◆ **What you should do**:
Beginning at the line that contains "RCG040222R0JNED electronic component", reproduce the entries below exactly, ending with the line that contains "Estiva Gerbi Imagem". Omit each picture.

◆ **Dataset**:
::::
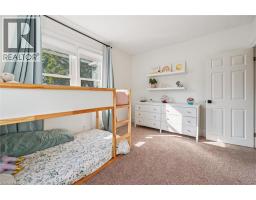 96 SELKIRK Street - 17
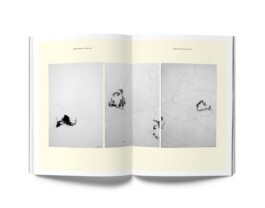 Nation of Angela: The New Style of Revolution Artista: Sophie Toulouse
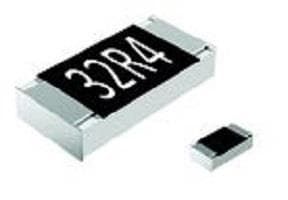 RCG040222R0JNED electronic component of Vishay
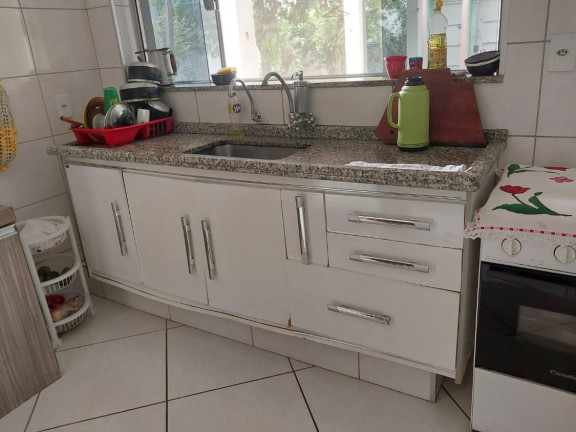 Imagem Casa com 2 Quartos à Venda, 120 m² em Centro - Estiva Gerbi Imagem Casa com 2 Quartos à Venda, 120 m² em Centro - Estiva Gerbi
::::
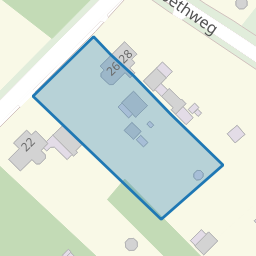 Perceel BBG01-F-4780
::::
◆ **Solution to this task**:
 RCG040222R0JNED electronic component of Vishay
 Imagem Casa com 2 Quartos à Venda, 120 m² em Centro - Estiva Gerbi Imagem Casa com 2 Quartos à Venda, 120 m² em Centro - Estiva Gerbi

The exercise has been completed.